Kriel's funeral was attended by many, as the masses carried his casket into the Anglican Church of Resurrection, but mourners were attacked by South African police with tear gas and rubber bullets.

== Legacy ==
On his release from prison in February 1990, Nelson Mandela acknowledged Ashley Kriel's sacrifice for the anti-apartheid struggle in his speech in Paarl.

Michel Assure, Ashley Kriel's sister, continues to push for reparations and the truth surrounding her brothers death, as there are still unaddressed inconsistencies from the trial. She believes that the truth was diluted in order to grant his killers amnesty.

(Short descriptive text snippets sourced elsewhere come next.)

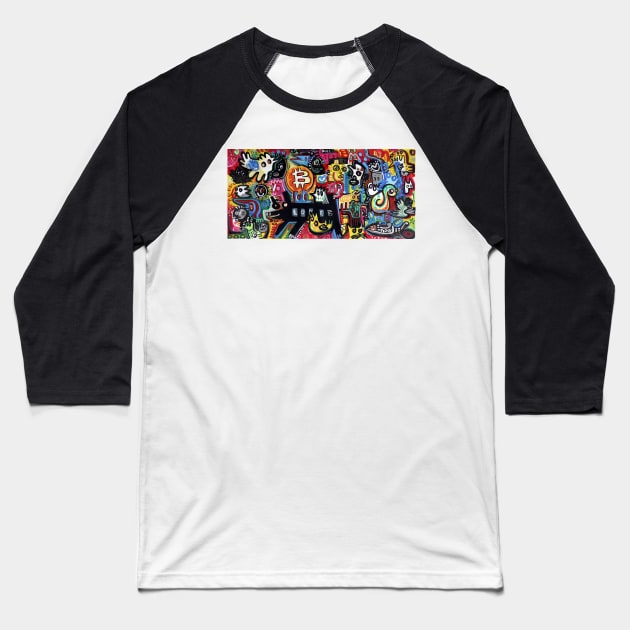 LOVE NATURE "and BITCOIN appeared in my painting" Baseball T-Shirt by Angel Rivas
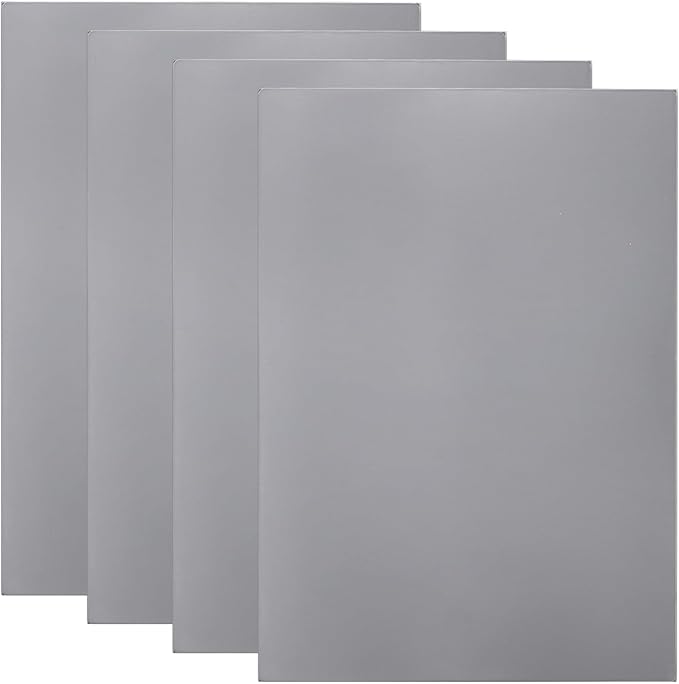 4 Pack Rubber Stamp Sheets, 2.6 mm (0.1 inch) A4 Size Light Gray Rubber Pads, Soft Rubbers Mat for Engraving Machine Cutter, Laser Rubbers Carving Blocks Material to Making Custom Stamps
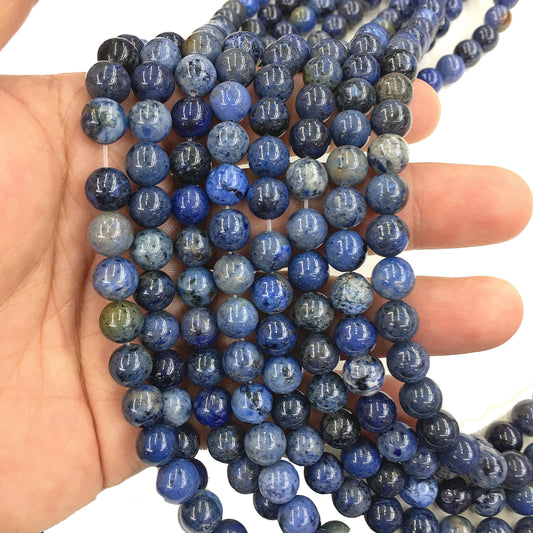 Natural Blue Sunset Stone Round Shape Beads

The Institute for Justice and Reconciliation and the University of the Western Cape created the annual Ashley Kriel Memorial Youth Lecture in his memory, which takes place near the anniversary of his assassination at Bontehewuel High School, the school Ashley Kriel attended. This lecture memorializes Kriel by sparking conversations on topics of youth leadership with annual themes, such as "My Voice, Our Story." The event also acknowledges progress made among the current youth.

=== The Ashley Kriel Youth Leadership Development Project ===
The establishment of this project was inspired by Cape Town youth leader Ashley Kriel, who was killed by the apartheid regime in the 1980s. His legacy is recognized as a symbol of students and youth activists from Cape Flats in the 1980s and the potential that the youth has to create change.

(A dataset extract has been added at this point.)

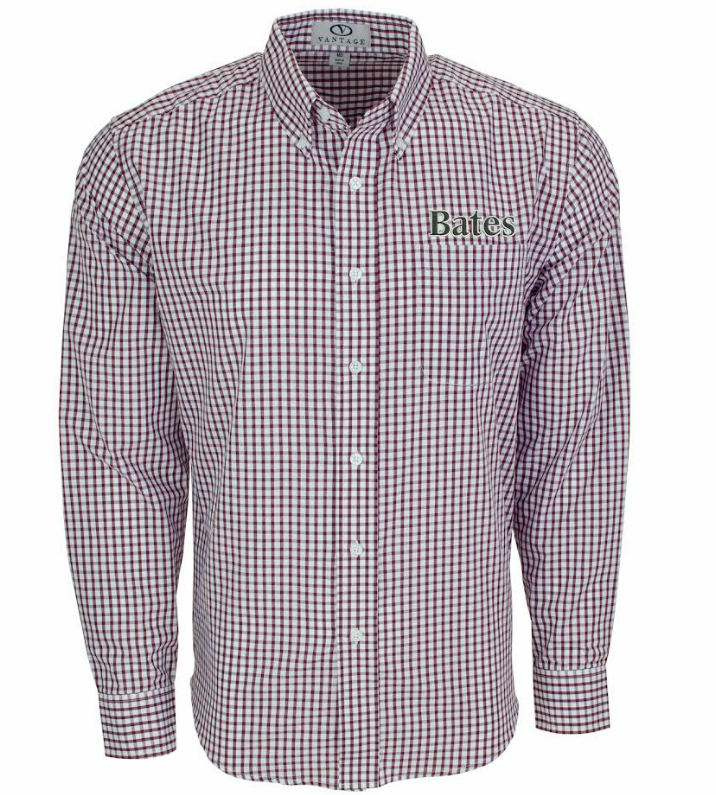 Garnet and White Striped Button Down Shirt from Vantage Bates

The program involves youth that are in high school, college, or newly graduated without employment. The program holds workshops that inform applicants on topics of youth activism, history, memory, and how it pertains to the past versus the present. Applicants start off by attending a 5-day camp where they can bond and share their stories and personal experience, then they reconvene once a month over the span of six months. By connecting a cross-section of youth from different societies, the project aims to develop young future leaders and assist them in leaving a positive impact on their peers with their exeperiences.
=== Memory Box Initiative ===
Projects are combined to focus on the fostering of conversation and the sharing of personal narratives and community histories in Worcester, as means of furthering reconciliation and the impact on the IJRs Ashley Kriel Youth Leadership Development Project and Schools' Oral History.

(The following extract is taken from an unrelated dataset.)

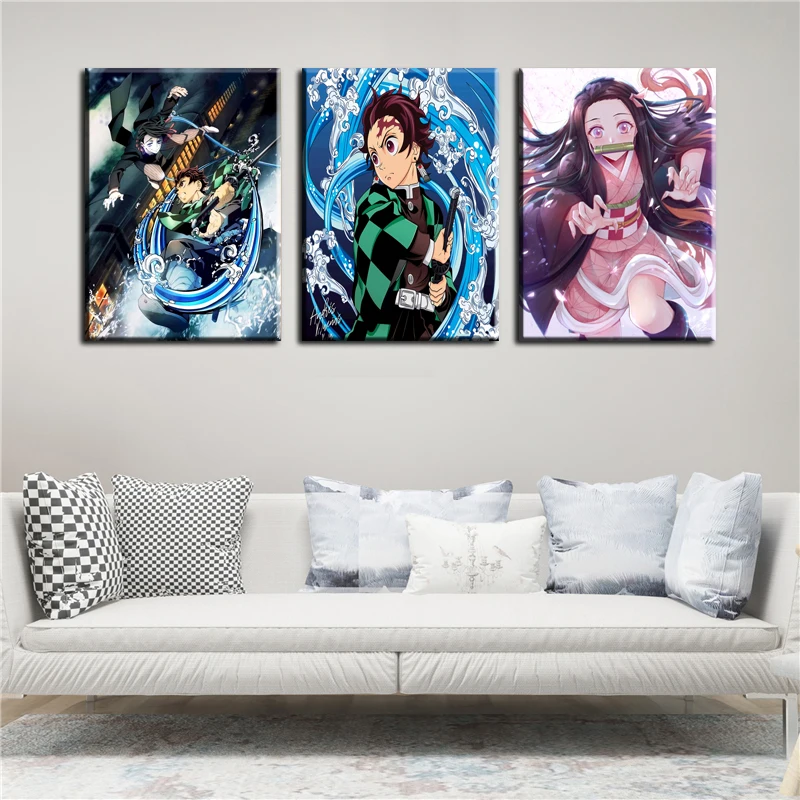 

Japnese Animation Poster Ghost-Slayer Decor Print Living Room Wall Art Canvas Bedroom Mural Modular Home Deocoration Wallpaper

The project aims to provide a platform whereby stories of community members in Worcester can be explored through different aspects of Arts and Theatre-based activities that create space for dialogue, peace-building, social justice and public participation.

The key element throughout the projects is the closing of the generational gap between youth and generations from different eras within the community's history, including the former anti-apartheid activists with the aim of encouraging the connection between the two eras by sharing experiences and memories.

== Documentary ==
Action Kommandant, which is a documentary film based on the life story of Ashley Kriel, was released in 2016. The film was directed by Nadine Cloete. The documentary highlighted Ashley Kriel's life as a grassroots activist, while simultaneously bringing attention to the daily struggles of revolutionaries that were a part of the underground ANC. Action Kommandant contextualized Kriel's life with interviews with his mother, Ivy Kriel, containing scenes of life in the Cape Flats in the 1980s, and embedding footage from Kriel's childhood to provide background to Kriel's character.